Excerpted records:
☆ ☆ ☆ ☆ ☆ ☆ ☆

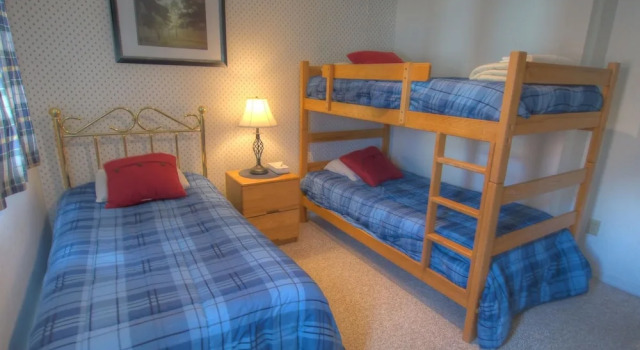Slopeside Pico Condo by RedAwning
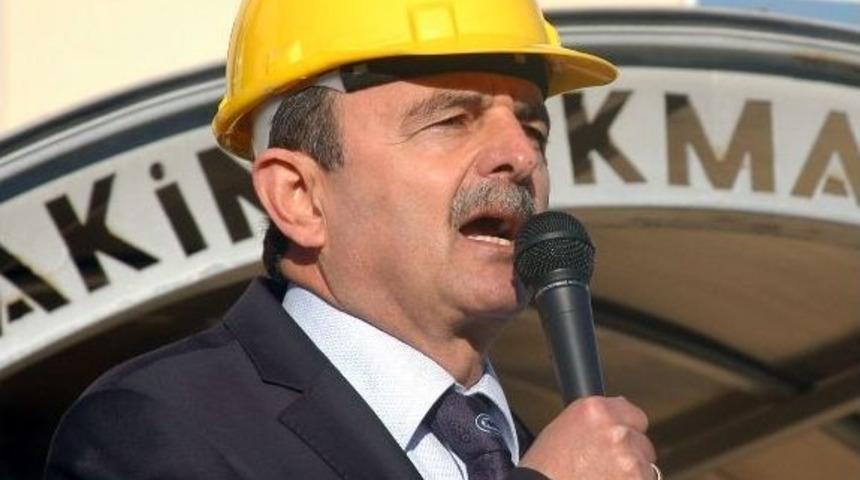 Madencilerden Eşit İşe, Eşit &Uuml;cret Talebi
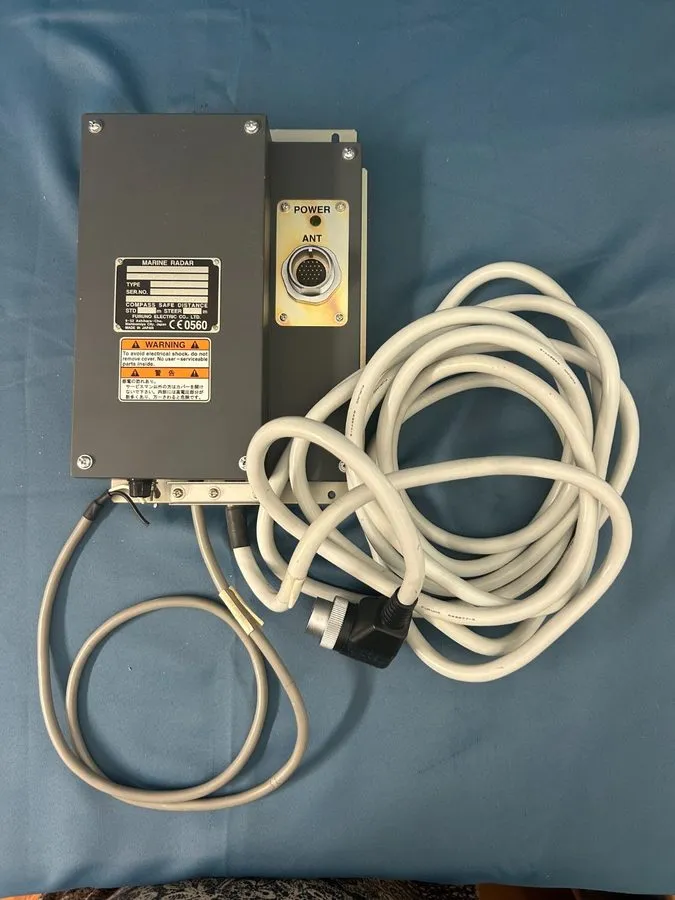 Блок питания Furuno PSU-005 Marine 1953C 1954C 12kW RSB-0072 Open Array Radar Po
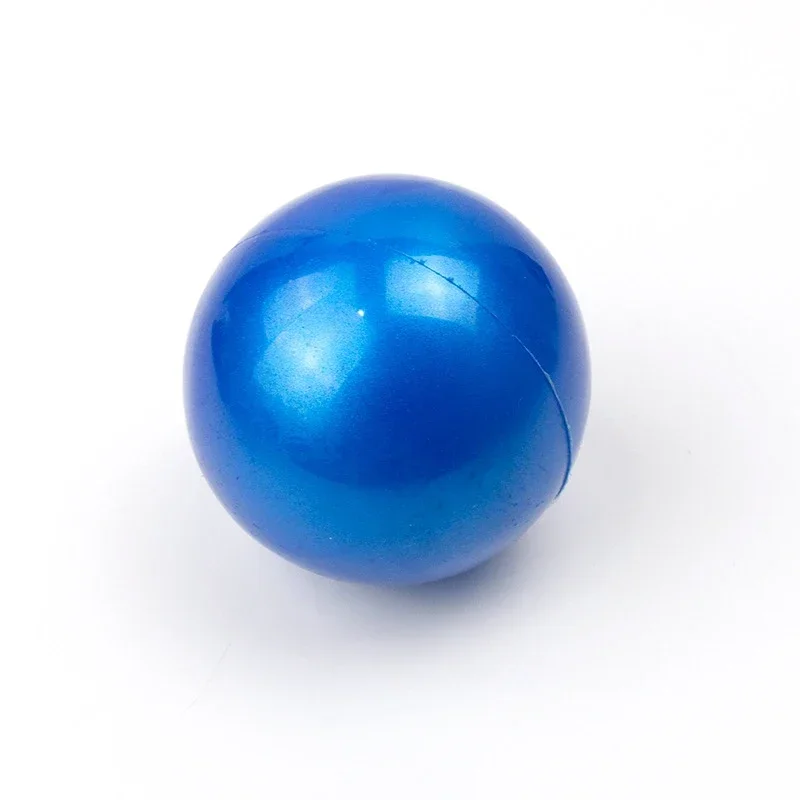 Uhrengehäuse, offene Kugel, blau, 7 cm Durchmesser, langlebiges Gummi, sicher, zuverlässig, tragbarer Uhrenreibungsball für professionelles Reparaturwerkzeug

☆ ☆ ☆ ☆ ☆ ☆ ☆

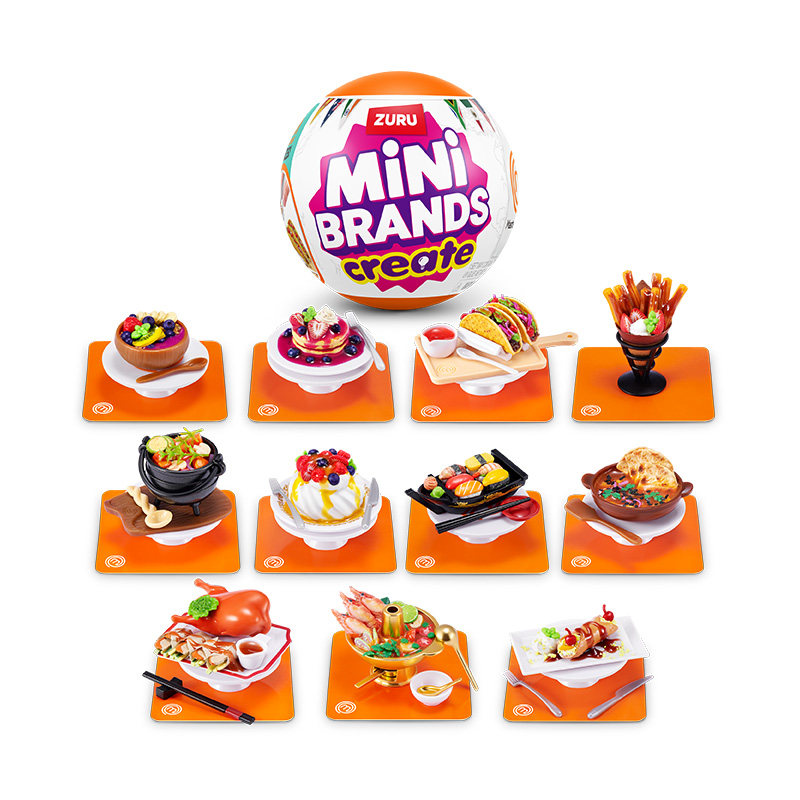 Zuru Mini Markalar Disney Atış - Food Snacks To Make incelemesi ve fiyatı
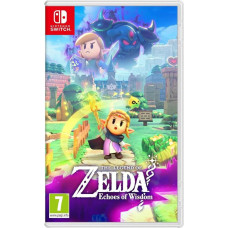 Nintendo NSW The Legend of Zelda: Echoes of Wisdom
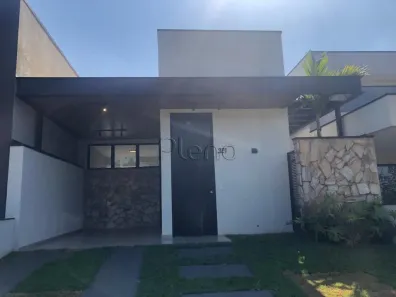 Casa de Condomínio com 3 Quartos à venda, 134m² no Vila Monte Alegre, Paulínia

☆ ☆ ☆ ☆ ☆ ☆ ☆

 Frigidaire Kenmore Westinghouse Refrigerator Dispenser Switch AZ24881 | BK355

☆ ☆ ☆ ☆ ☆ ☆ ☆

Exercise directions: An exact transcription is needed of the lines from the one with "Nintendo NSW The" to the one with "Casa de Condomínio" above, both ends included, with pictures left out.

Output below:
 Nintendo NSW The Legend of Zelda: Echoes of Wisdom
 Casa de Condomínio com 3 Quartos à venda, 134m² no Vila Monte Alegre, Paulínia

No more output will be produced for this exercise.